• **THE INPUT**:

* * * * * * * * *

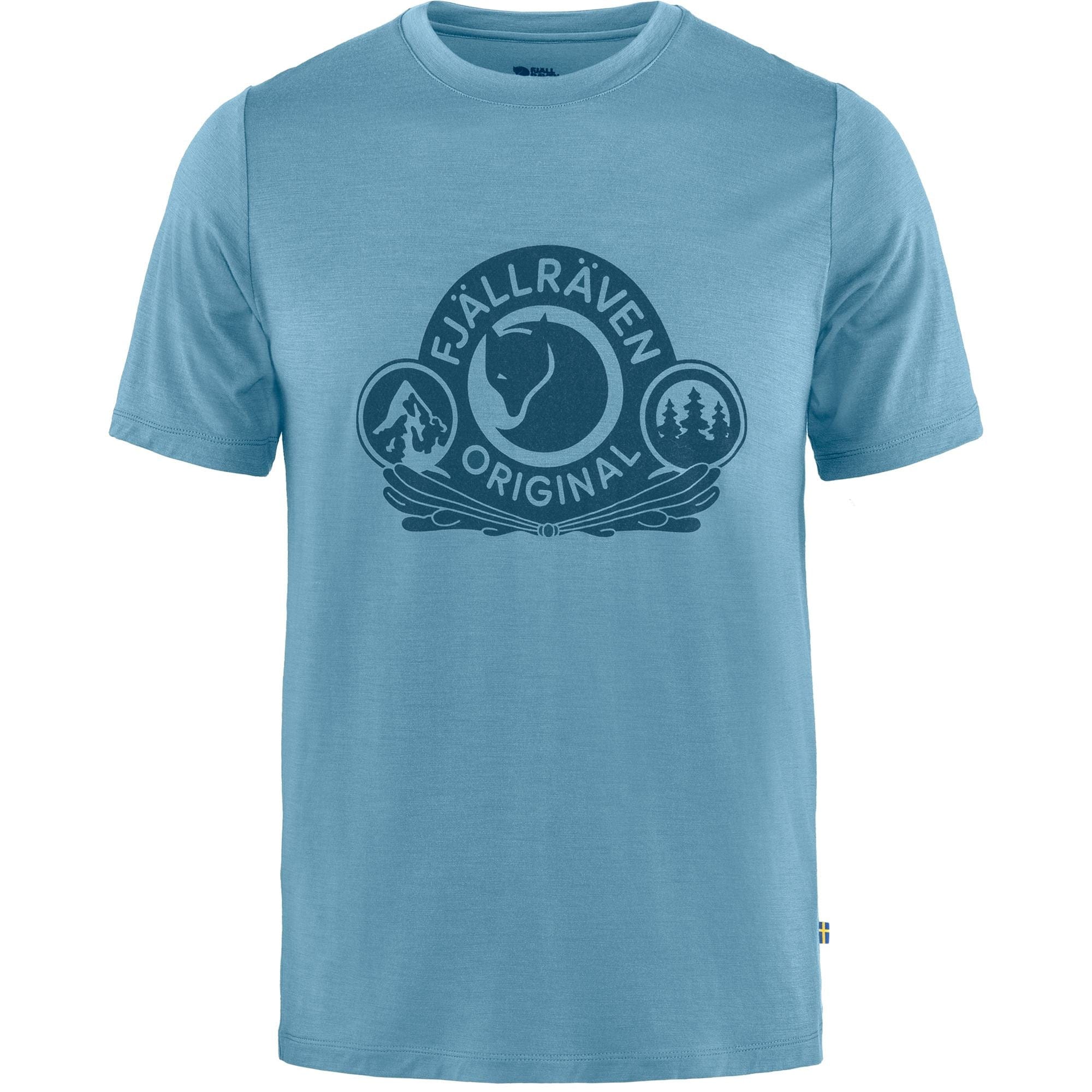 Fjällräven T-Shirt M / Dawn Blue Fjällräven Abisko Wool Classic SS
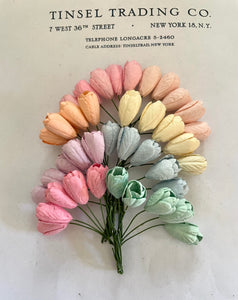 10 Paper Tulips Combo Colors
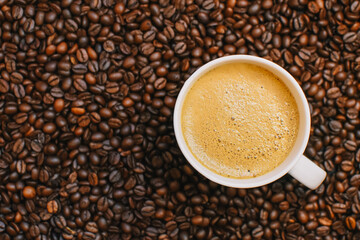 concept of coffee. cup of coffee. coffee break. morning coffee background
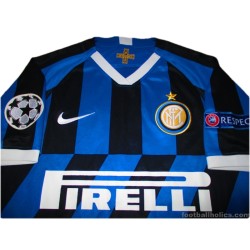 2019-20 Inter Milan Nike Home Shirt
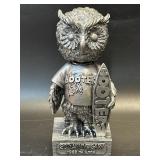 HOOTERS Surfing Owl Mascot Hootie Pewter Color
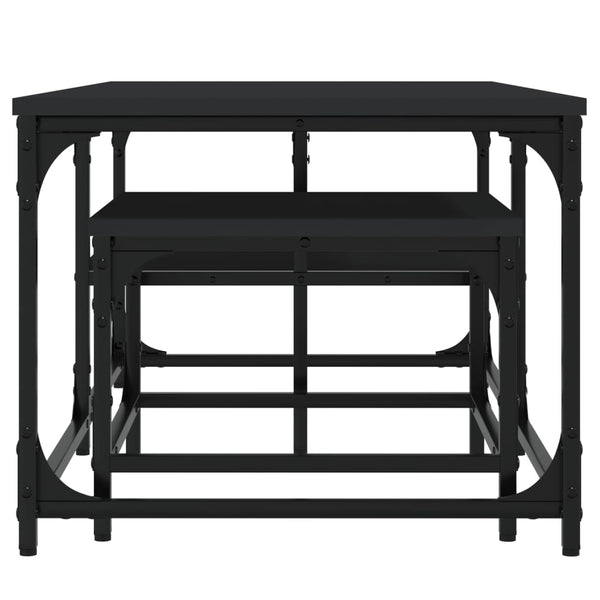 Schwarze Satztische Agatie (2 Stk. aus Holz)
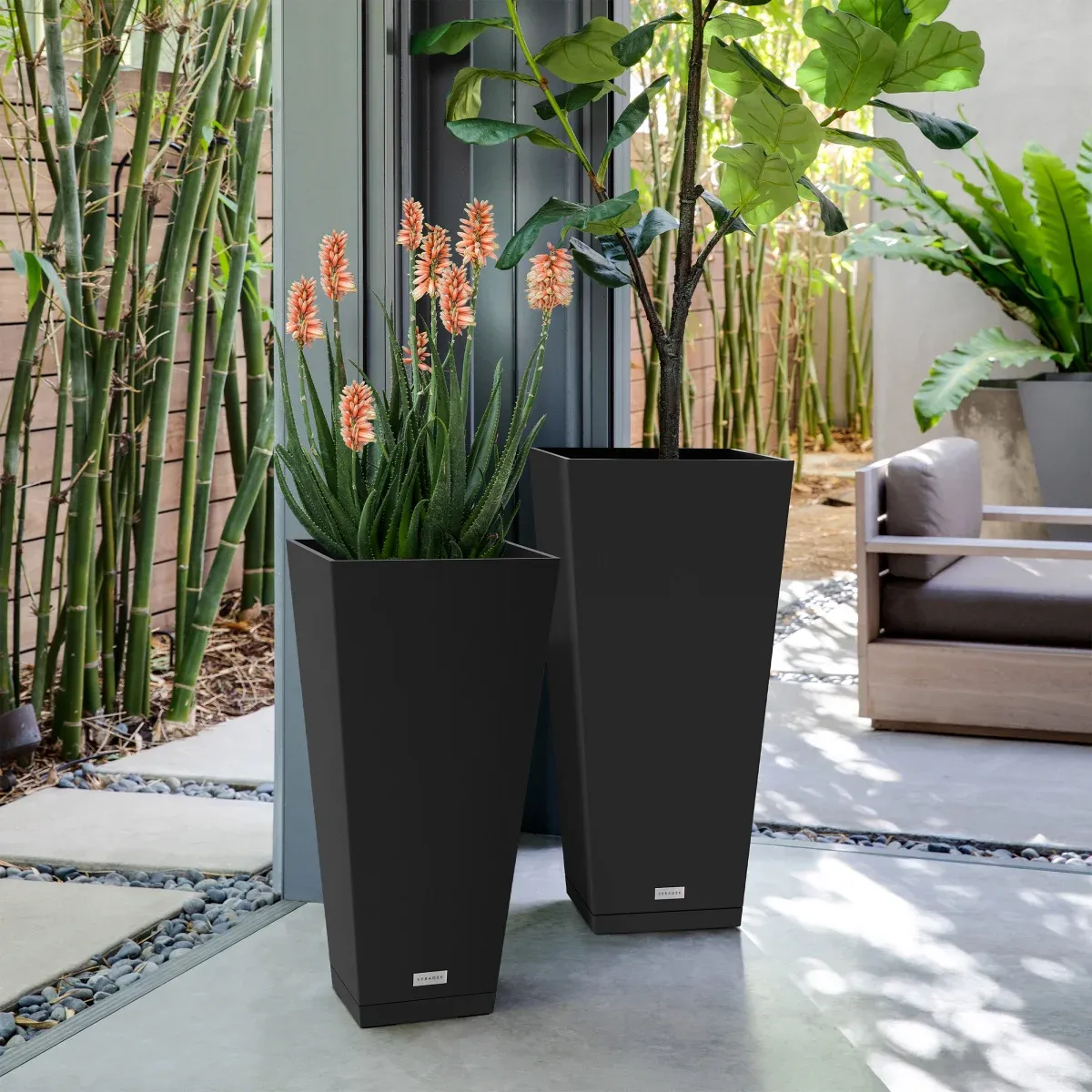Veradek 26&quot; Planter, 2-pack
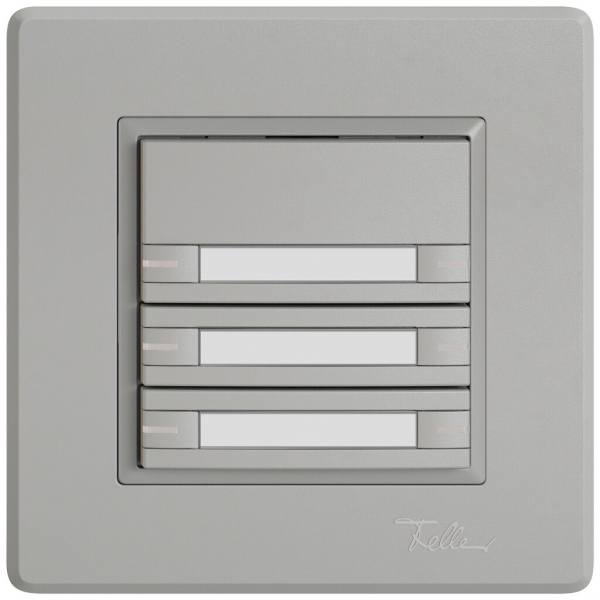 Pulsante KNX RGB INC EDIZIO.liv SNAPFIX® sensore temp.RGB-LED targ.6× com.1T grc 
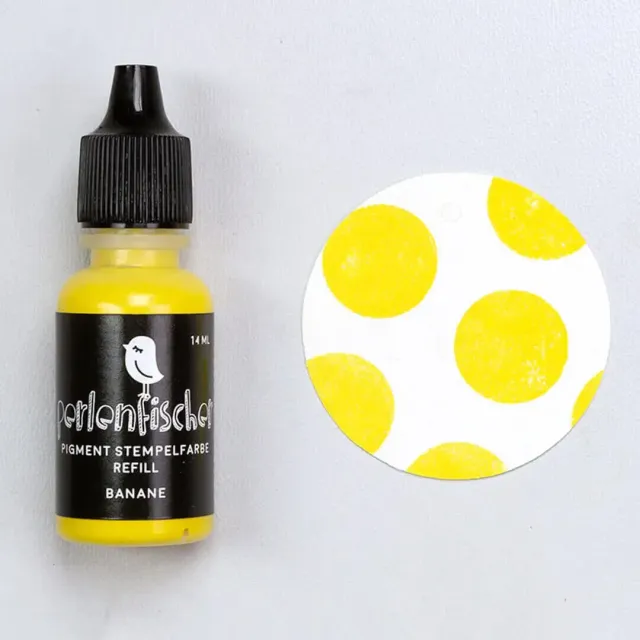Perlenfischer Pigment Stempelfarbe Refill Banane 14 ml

* * * * * * * * *

• **EXERCISE INSTRUCTIONS**:
Produce an exact copy of the lines from the line containing "Pulsante KNX RGB" to the end of the material, both ends included, and omit every picture.

• **RESULT FOR THIS EXERCISE**:
 Pulsante KNX RGB INC EDIZIO.liv SNAPFIX® sensore temp.RGB-LED targ.6× com.1T grc 
Perlenfischer Pigment Stempelfarbe Refill Banane 14 ml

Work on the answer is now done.